[Source records]
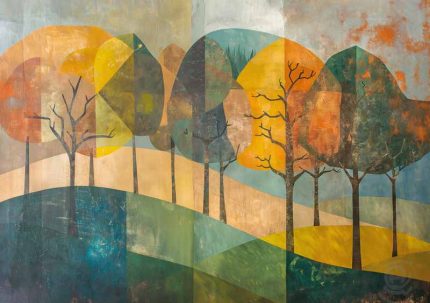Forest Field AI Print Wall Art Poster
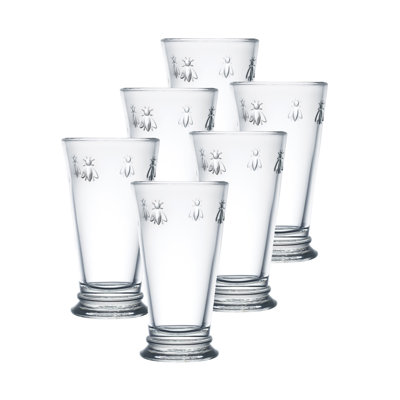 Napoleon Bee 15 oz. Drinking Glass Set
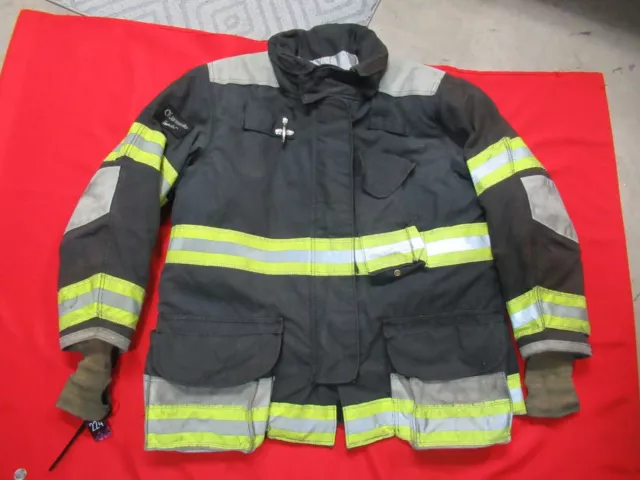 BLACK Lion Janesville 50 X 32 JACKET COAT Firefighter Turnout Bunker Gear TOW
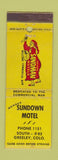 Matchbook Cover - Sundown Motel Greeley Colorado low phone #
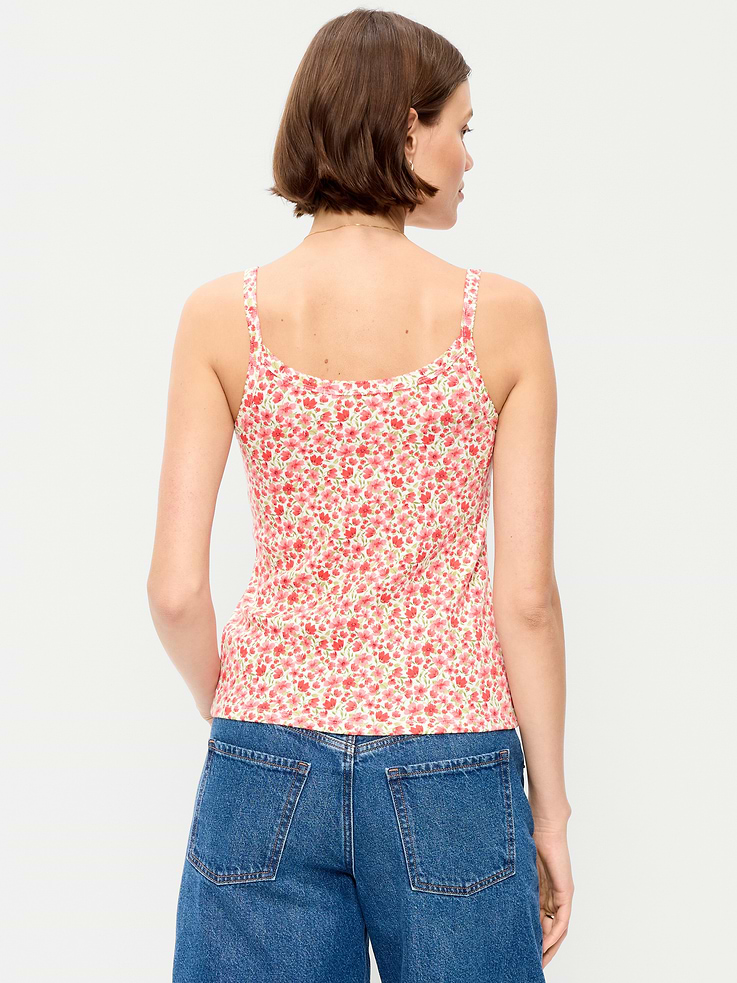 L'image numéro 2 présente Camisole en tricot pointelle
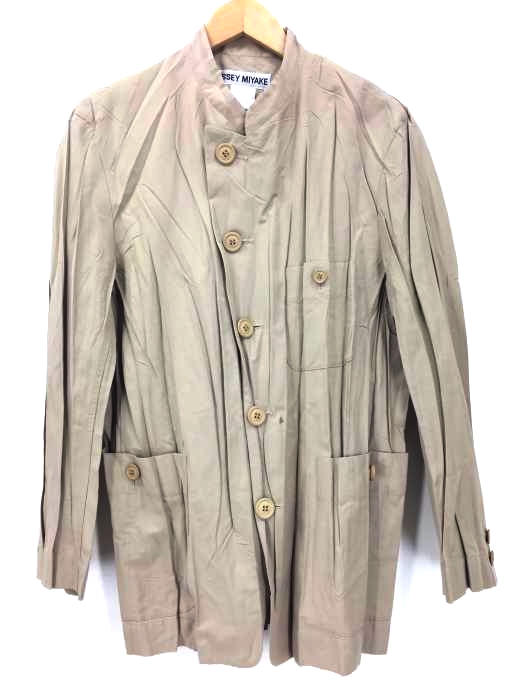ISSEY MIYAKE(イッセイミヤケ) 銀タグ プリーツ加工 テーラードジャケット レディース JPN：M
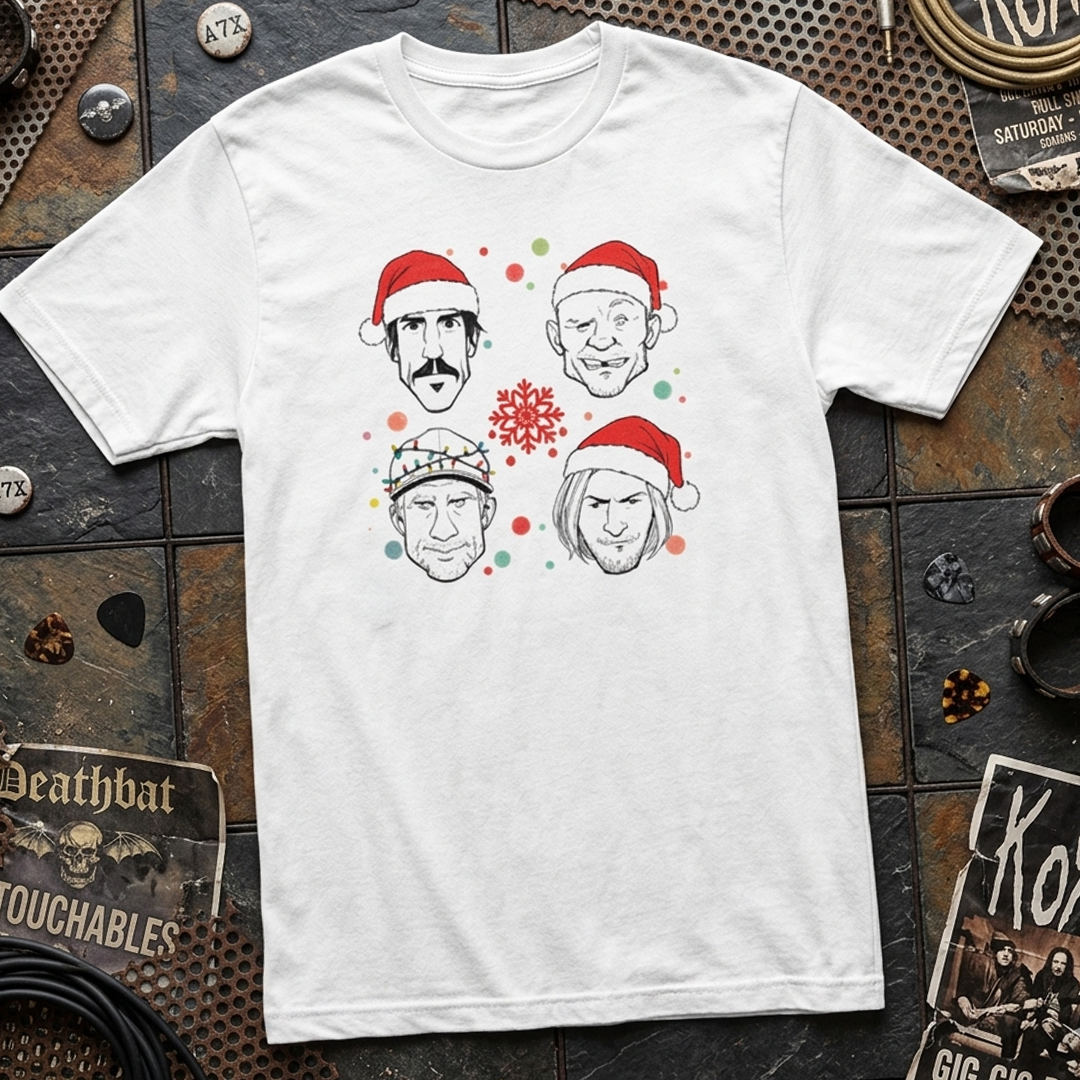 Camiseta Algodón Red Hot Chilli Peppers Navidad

■ Exercise aim ■
I would like the lines from the one with "ISSEY MIYAKE(イッセイミヤケ) 銀タグ" through the last line of the data above retyped exactly, with pictures left out, please.

■ Result of the exercise ■
ISSEY MIYAKE(イッセイミヤケ) 銀タグ プリーツ加工 テーラードジャケット レディース JPN：M
 Camiseta Algodón Red Hot Chilli Peppers Navidad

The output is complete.